→ **AIM OF THE TASK**: After finding "Rotating Millstone Tabletop" in the data, write out its line and all following lines without change, up to and including the last one. Leave out pictures.

[DATASET EXTRACT — start]

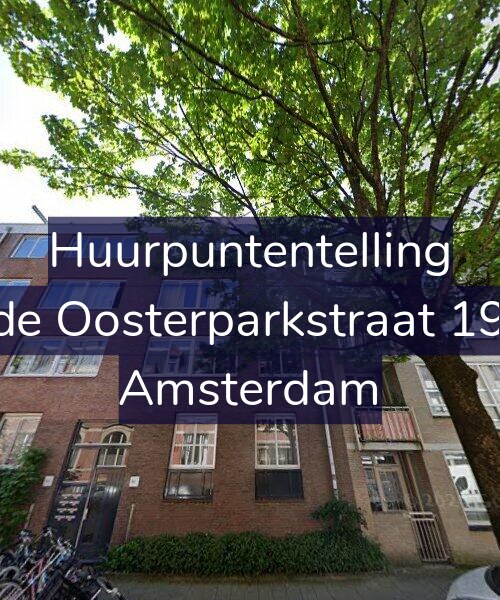 Foto gevel Huurpuntentelling voor Derde Oosterparkstraat 192-B, Amsterdam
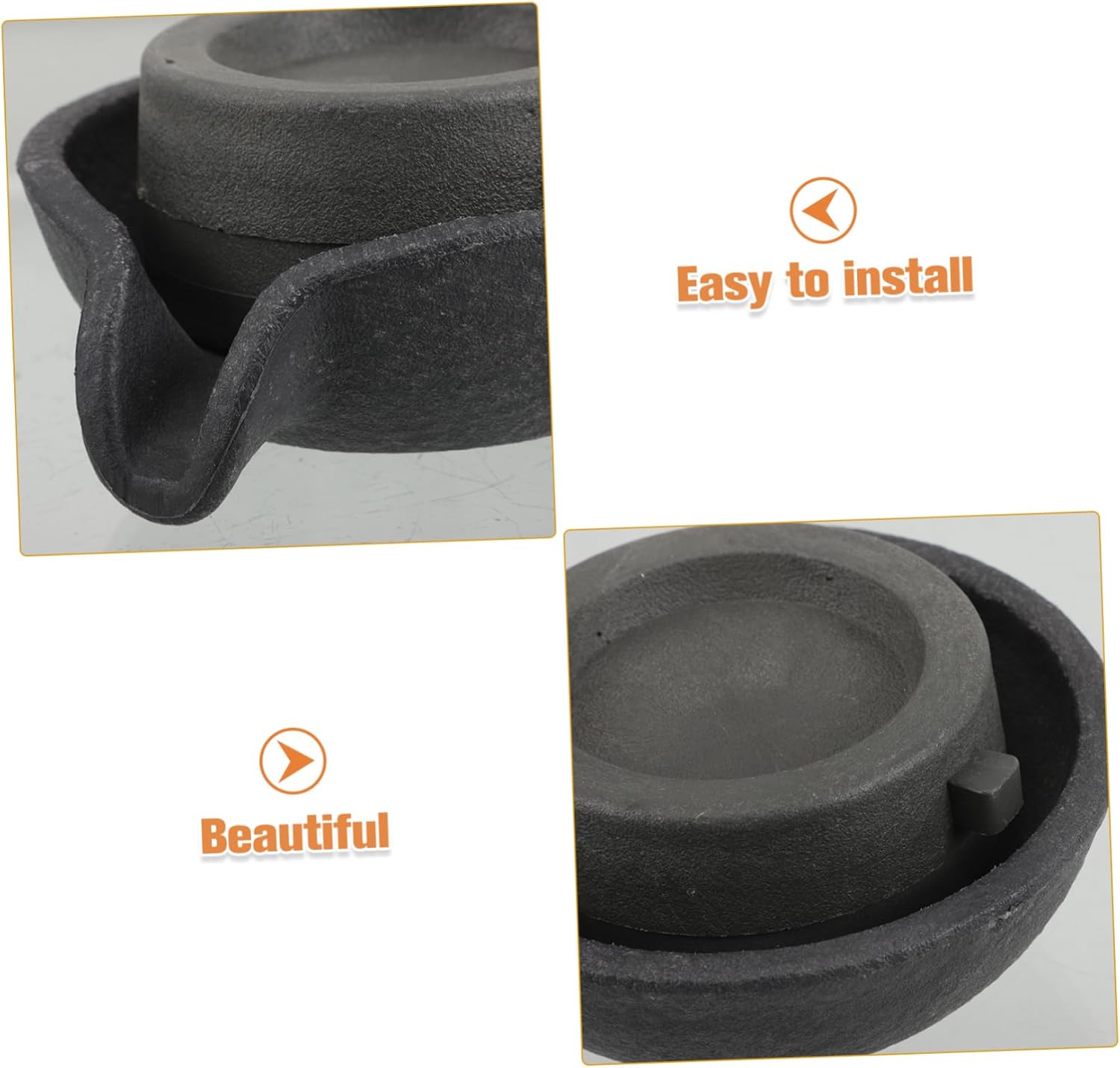 Rotating Millstone Tabletop Fountain for Home Office Decor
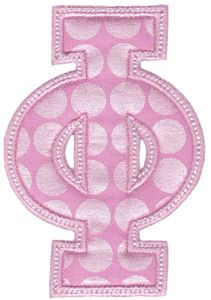 Sweet Greek Alphabet Applique 21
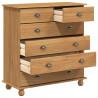 Komoda ASKIM Brązowy 91 x 40 x 95,5 cm Lite drewno sosnowe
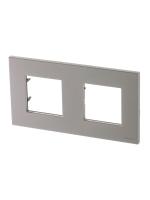 ABB NIE Zenit Шампань Рамка 2-я 2+2 мод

[DATASET EXTRACT — finish]

→ **RESULT FOR THIS EXERCISE**:
 Rotating Millstone Tabletop Fountain for Home Office Decor
 Sweet Greek Alphabet Applique 21
 Komoda ASKIM Brązowy 91 x 40 x 95,5 cm Lite drewno sosnowe
 ABB NIE Zenit Шампань Рамка 2-я 2+2 мод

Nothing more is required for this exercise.